WHAT YOU ARE ASKED TO DO: The answer is the data repeated in full, with no pictures included.

DATA SHOWN:
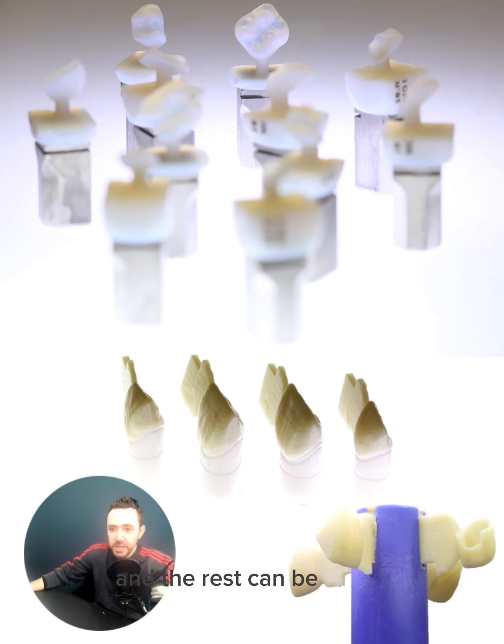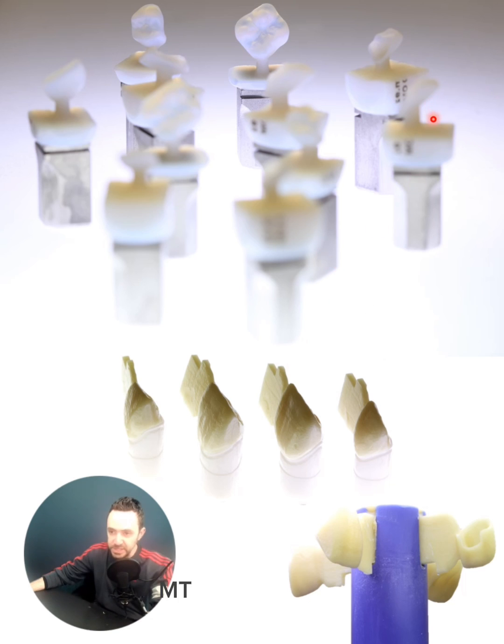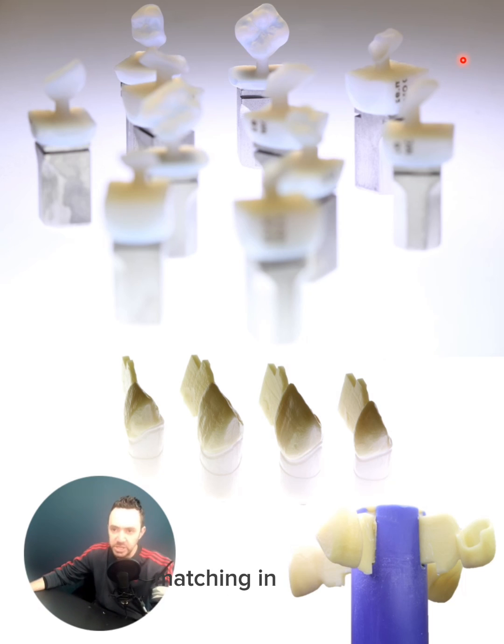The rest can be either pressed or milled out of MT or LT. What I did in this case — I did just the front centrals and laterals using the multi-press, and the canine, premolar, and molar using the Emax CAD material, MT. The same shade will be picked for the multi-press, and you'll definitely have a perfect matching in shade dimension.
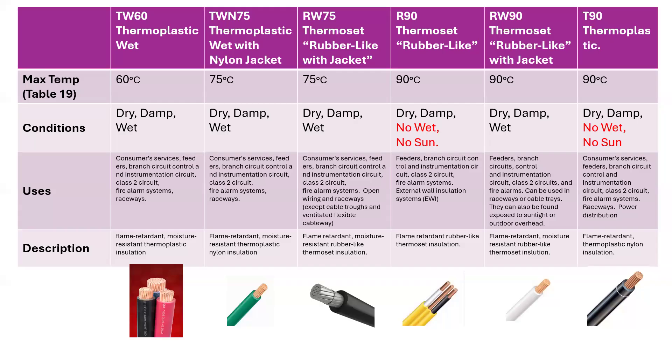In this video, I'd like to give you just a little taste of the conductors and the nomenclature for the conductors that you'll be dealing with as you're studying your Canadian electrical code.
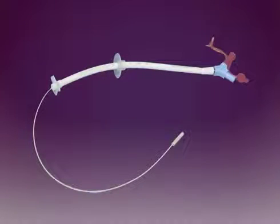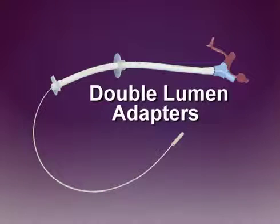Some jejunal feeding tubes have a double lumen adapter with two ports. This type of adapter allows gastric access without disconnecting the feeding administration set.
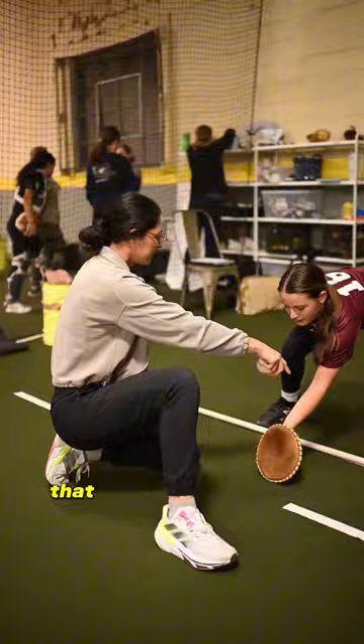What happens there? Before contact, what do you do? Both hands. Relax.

COMPLETED TASK:
The rest can be either pressed or milled out of MT or LT. What I did in this case — I did just the front centrals and laterals using the multi-press, and the canine, premolar, and molar using the Emax CAD material, MT. The same shade will be picked for the multi-press, and you'll definitely have a perfect matching in shade dimension.
In this video, I'd like to give you just a little taste of the conductors and the nomenclature for the conductors that you'll be dealing with as you're studying your Canadian electrical code.
Some jejunal feeding tubes have a double lumen adapter with two ports. This type of adapter allows gastric access without disconnecting the feeding administration set.
What happens there? Before contact, what do you do? Both hands. Relax.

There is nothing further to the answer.